§ **PROBLEM TO WORK ON**:
Give the listing again character for character, but drop the images.

§ **PROVIDED DATA**:
* * * * * * *
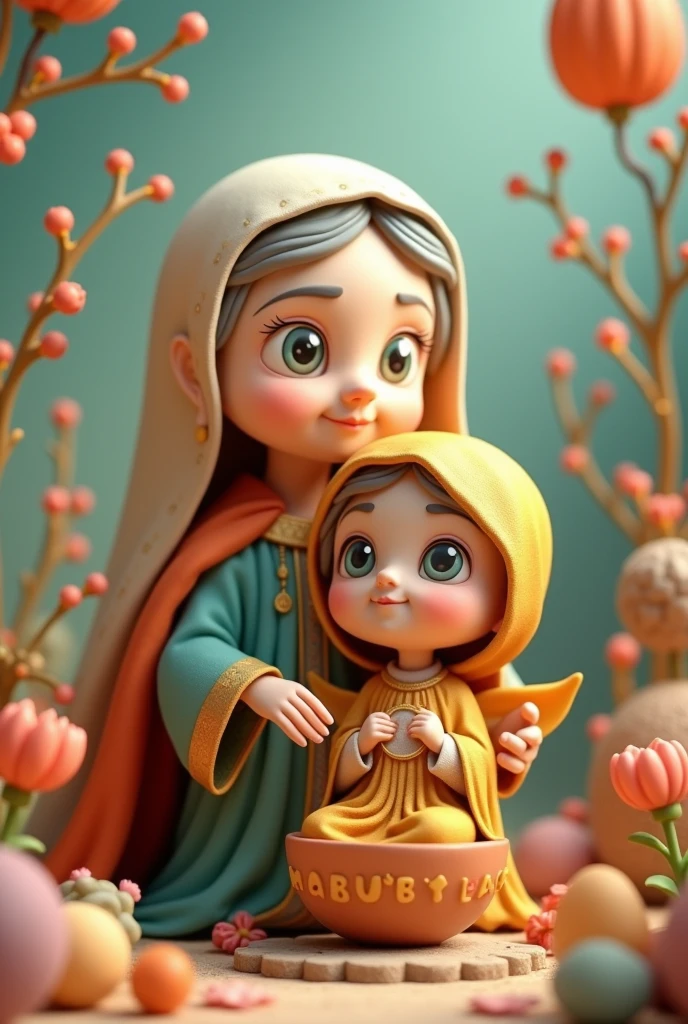 Saint Anne and the Virgin Mary in Art Toy style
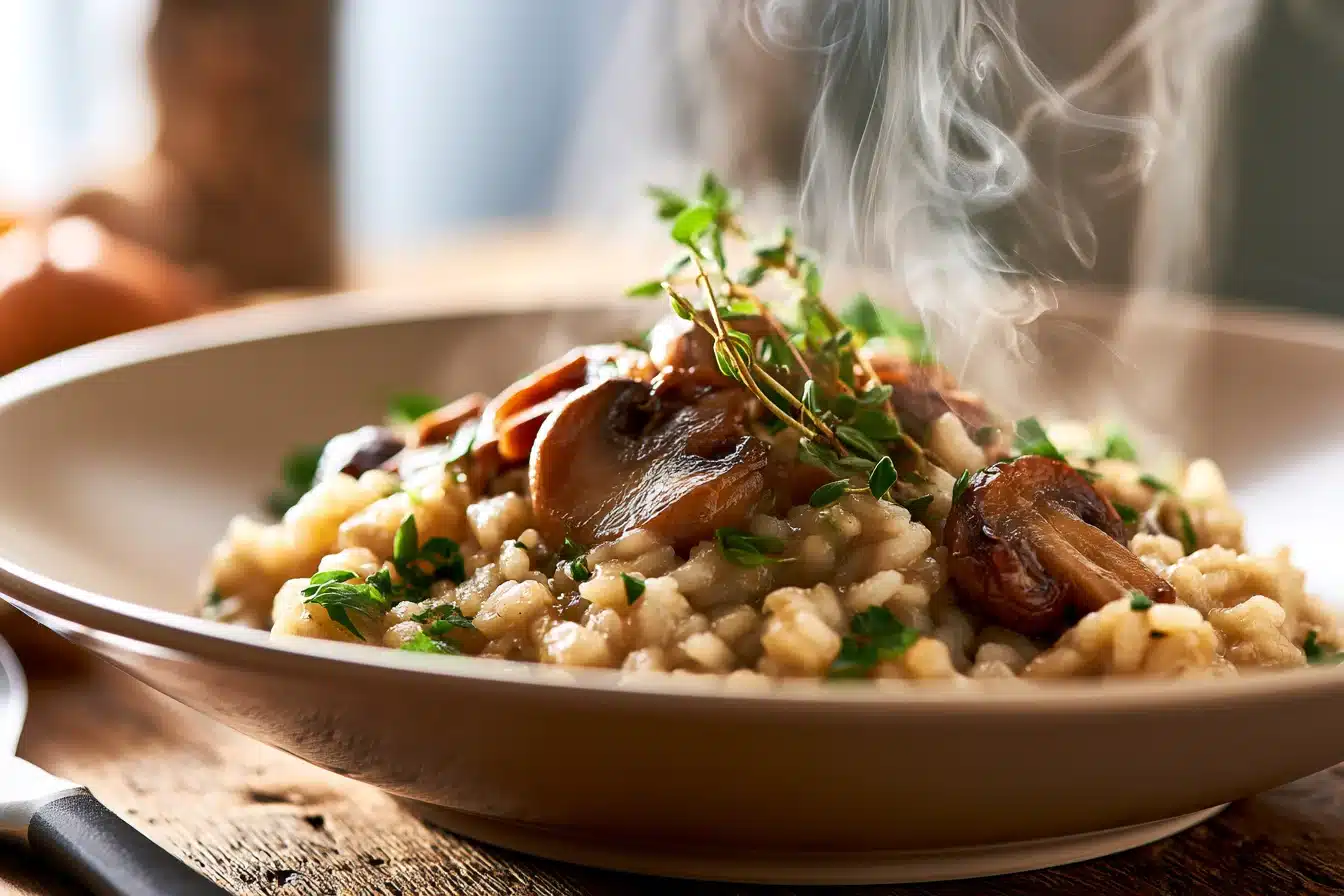 Creamy Mushroom Risotto 2 Creamy Mushroom Risotto in a white bowl garnished with parsley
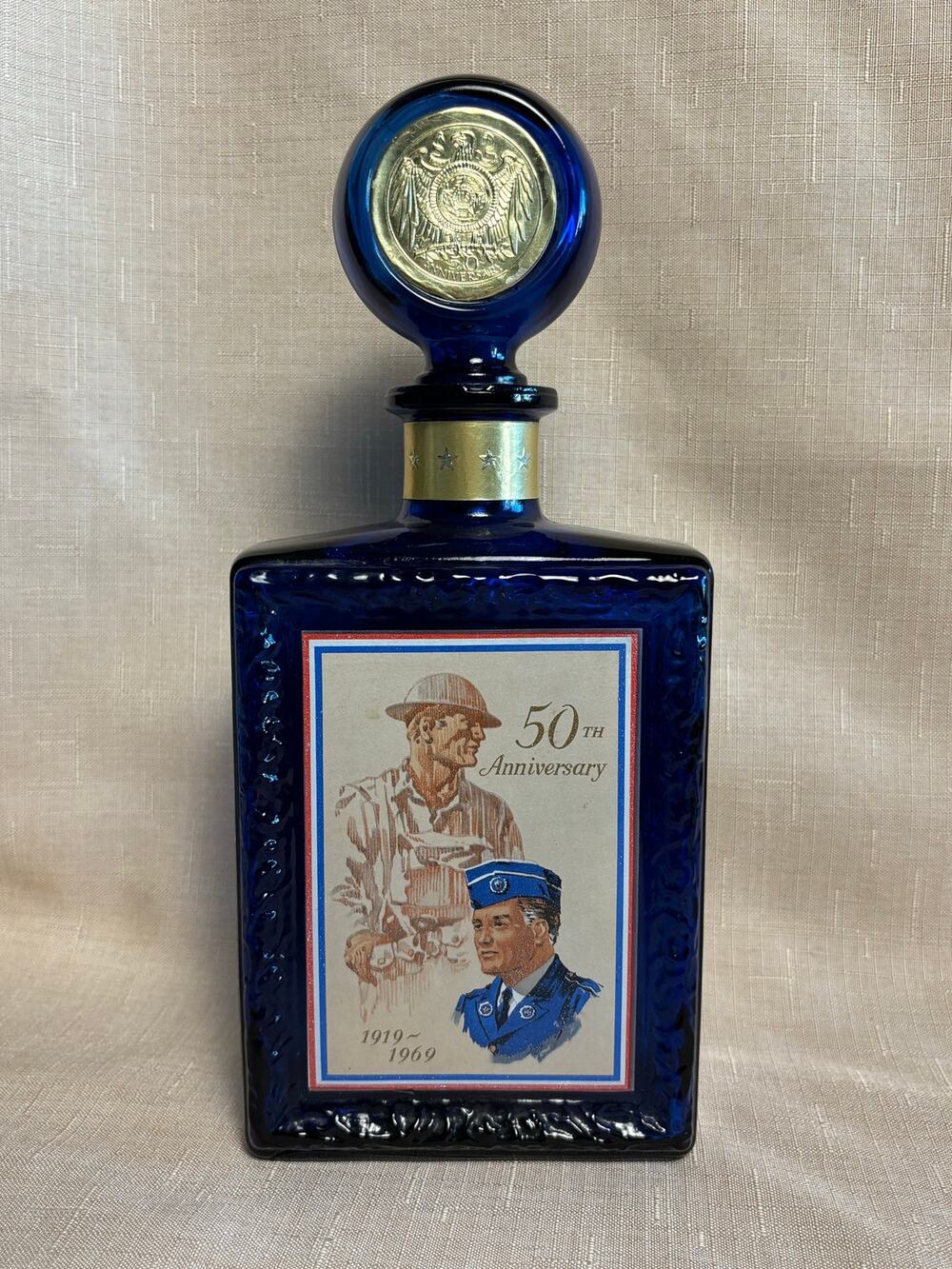 1969 JW Dant American Legion 50th Anniversary Cobalt Blue Decanter with Stopper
* * * * * * *
§ **TASK SOLUTION**:
 Saint Anne and the Virgin Mary in Art Toy style
 Creamy Mushroom Risotto 2 Creamy Mushroom Risotto in a white bowl garnished with parsley
 1969 JW Dant American Legion 50th Anniversary Cobalt Blue Decanter with Stopper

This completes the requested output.